I haven’t written much erotica lately. I’m generally a private person, plus I was raised in an emotionally repressive family, so admitting publicly to any weakness is extremely difficult for me. But I’ll admit that personal stress is just about killing me. I know other writers who are going through much worse times now, so I feel a bit like a whiner even mentioning the death in the family, the company I worked at for so many years closing its doors, a bit of a health scare, and other family drama on top of all that.
Misery isn’t a contest. We’re all winners at this race to unhappiness, and at the same time, things could always be worse. That’s what keeps you up late at night, tossing and turning. It’s the great monster that eats up the hours of darkness and makes you watch them disappear with eyes wide open– that things could always be worse. And you have imagined every possible variation on worse, haven’t you?
Sometimes, don’t you wish you could hang a sign around your neck that says, “I’m really fragile right now. Please be gentle with me.” So that when you start daydreaming at a traffic light about the list of things you must do that you’ve never done before and start panicking a little about ‘how on earth am I going to take care of this’ and don’t see it turn green that the person right behind you wouldn’t sit on their horn.

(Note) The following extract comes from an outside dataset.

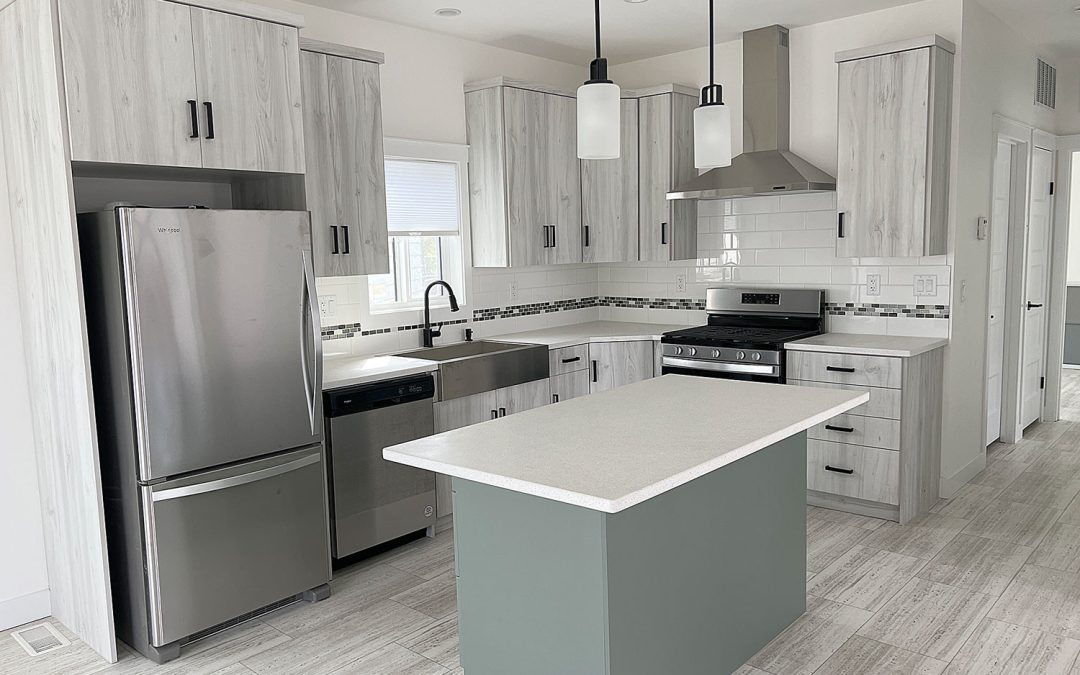 Kitchen with Feather White Textured Cabinets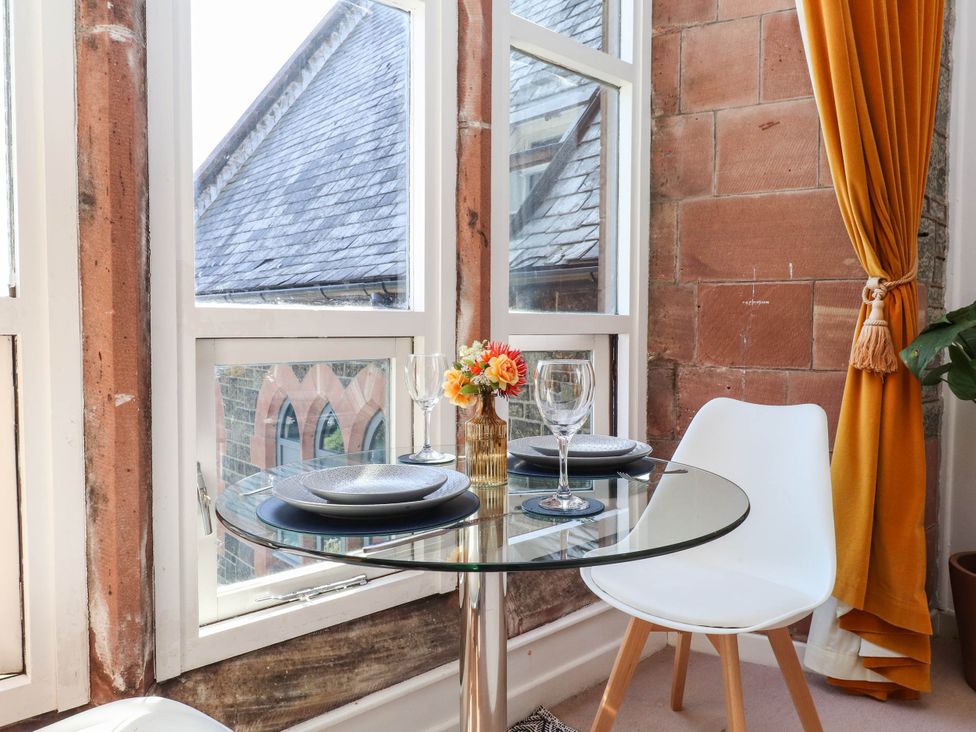 A dining area with a table and chairs at Flat 16 in Criccieth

Or that you didn’t feel such crushing shame for breaking into tears because some little frustration like the market carts being stuck together overwhelmed you?And wouldn’t it be nice if the entire world would just pause while you deal with your troubles so that you don’t have to run to catch up later?

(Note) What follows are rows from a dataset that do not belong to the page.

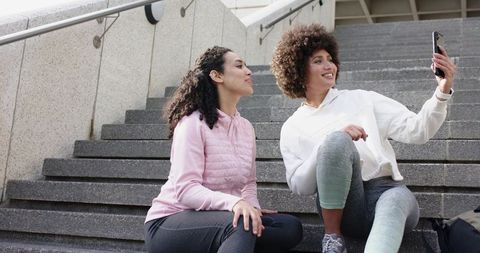 African American Women Sitting on City Stairs Taking Selfie in Hoodies and Activewear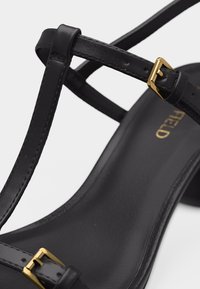 Μαύρο δερμάτινο σανδάλι με λεπτά λουριά και χρυσά μεταλλικά αγκράφες, κοντινή λήψη που δείχνει το λείο πέλμα και το όνομα της μάρκας σε χρυσά γράμματα.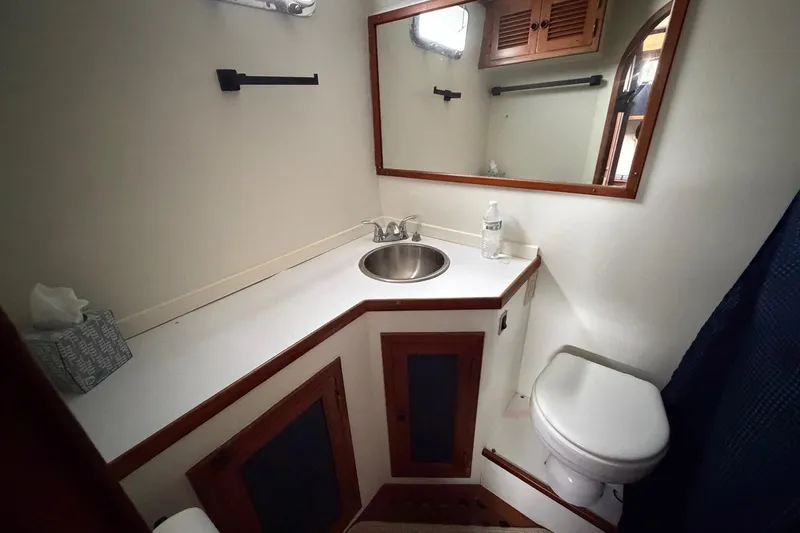 Slide: The Image of Bathroom interior of 1984 Golden Star 38 Trawler with sink, mirror, and toilet. - 41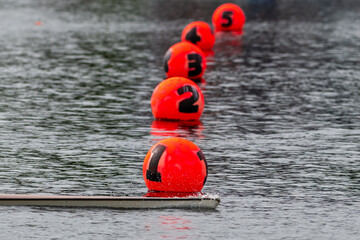 Five lanes at the finish line for a rowing competition. The rowing scull or shell is crossing number one lane for first place in a regatta competition. The lone sleek boat has a white bottom.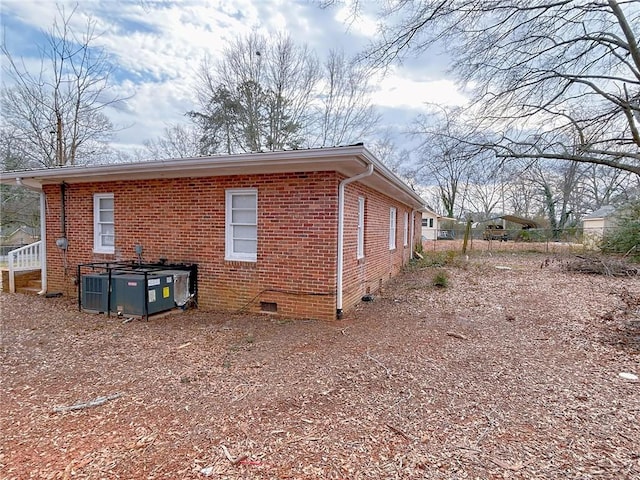 view of property exterior with brick siding, crawl space, and central AC unit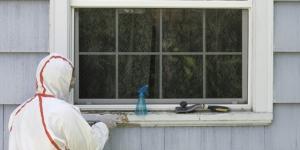 Man in full coverage hazard suit removing lead paint from windowsill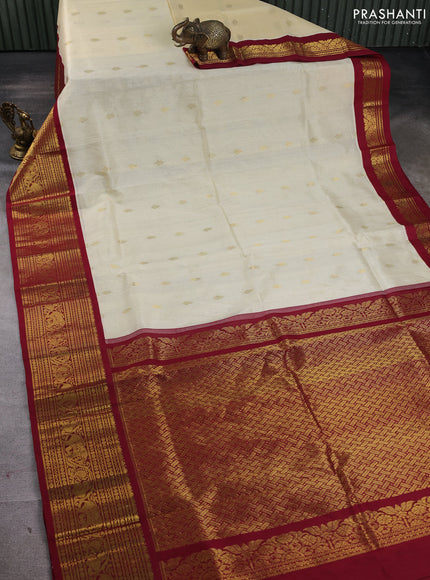 Silk cotton saree cream and maroon with zari woven buttas and long zari woven korvai border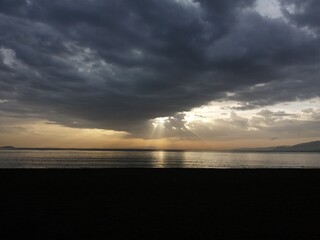 black clouds over the sea and the sun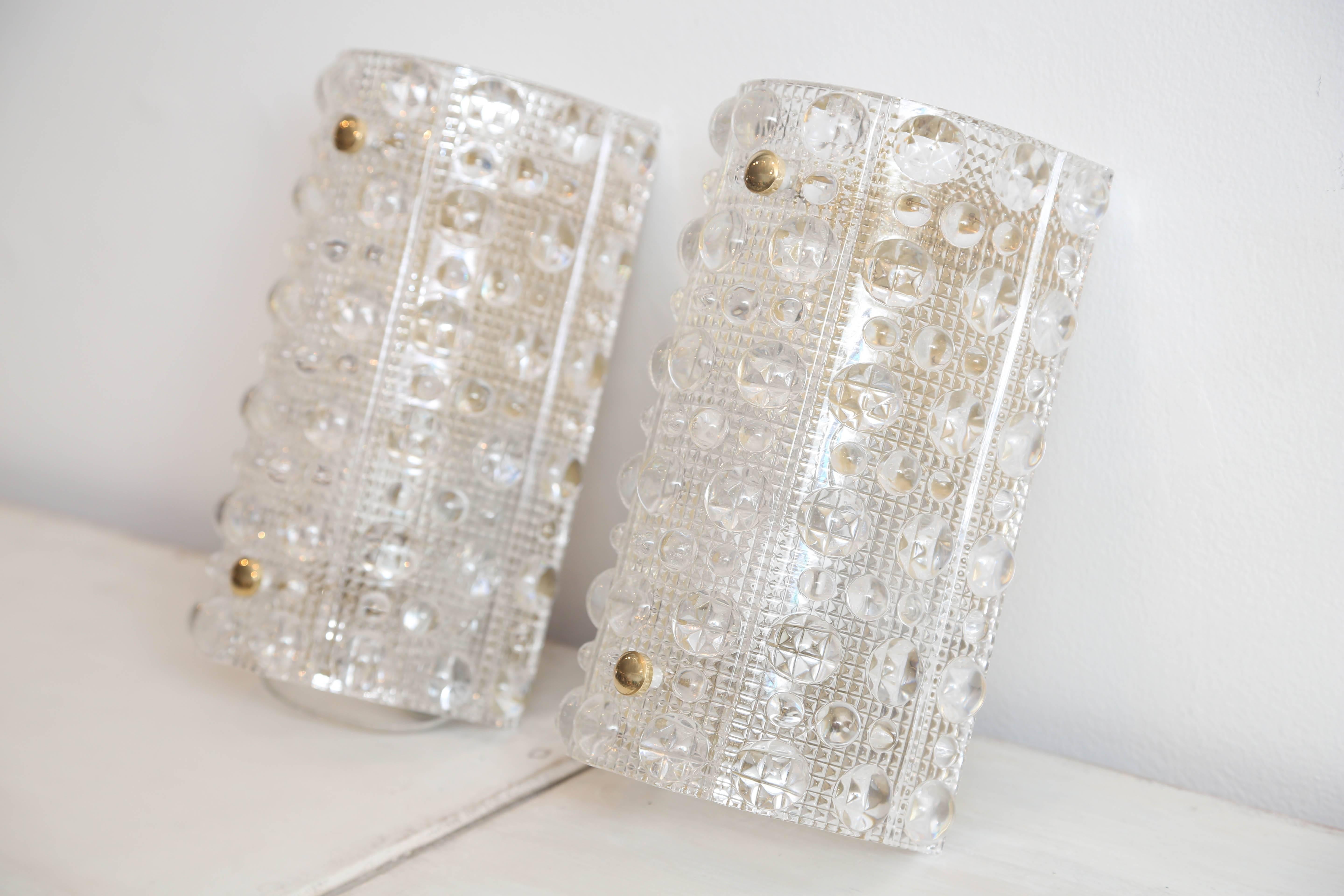 Brass and crystal Orrefors wall sconces designed by Carl Fagerlund.
Modern raised bubble pattern.
One socket each. 40 watt max candelabra base bulb
Sconces have been cleaned,polished and rewired to US standards.
circa 1960s

Measures: H 10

So many things can stop your ability to write. It doesn’t have to be extreme grief or one of you worst fears coming true. Things can be going great and you can still be blocked. The stories, they’re always with you. The technical skills, the craft of writing, that’s in your muscle memory now. But the desire to write? That’s the thing that eludes us when we’re blocked.

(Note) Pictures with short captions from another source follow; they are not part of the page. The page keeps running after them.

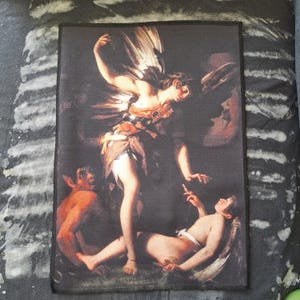 May include: A rectangular patch featuring a classical painting of a winged figure with two other figures. The artwork is rendered in a dark color palette with highlights of skin tones and metallic accents. The patch has a black border.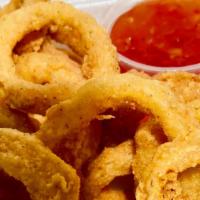 Calamari · Crispy Golden Calamari rings with just the right kick! Serve with Sweet chili sauce on the s...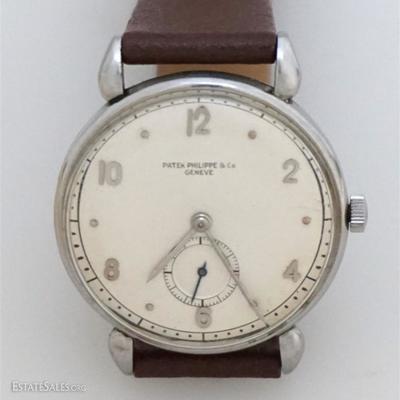 Gentleman's Patek Philippe 18 jewel Stainless Cased Watch c. 1945. Very Rare. Arabic numerals, Manual Wind. Movement 911999, Case 635472....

It may be worse for erotic writers because how do you write passion and desire when you don’t have any? My emotions have practically flatlined from the strain at this point. I cant summon it no matter how hard I try. So if your writing portfolio is fat and sassy right now, if seduction twinkles from your fingers like rubies from a maharajah’s rings, and you pass me on the street looking dispirited and unstoried, spare an ounce of desire for me, won’t you? Because I’m tapped out.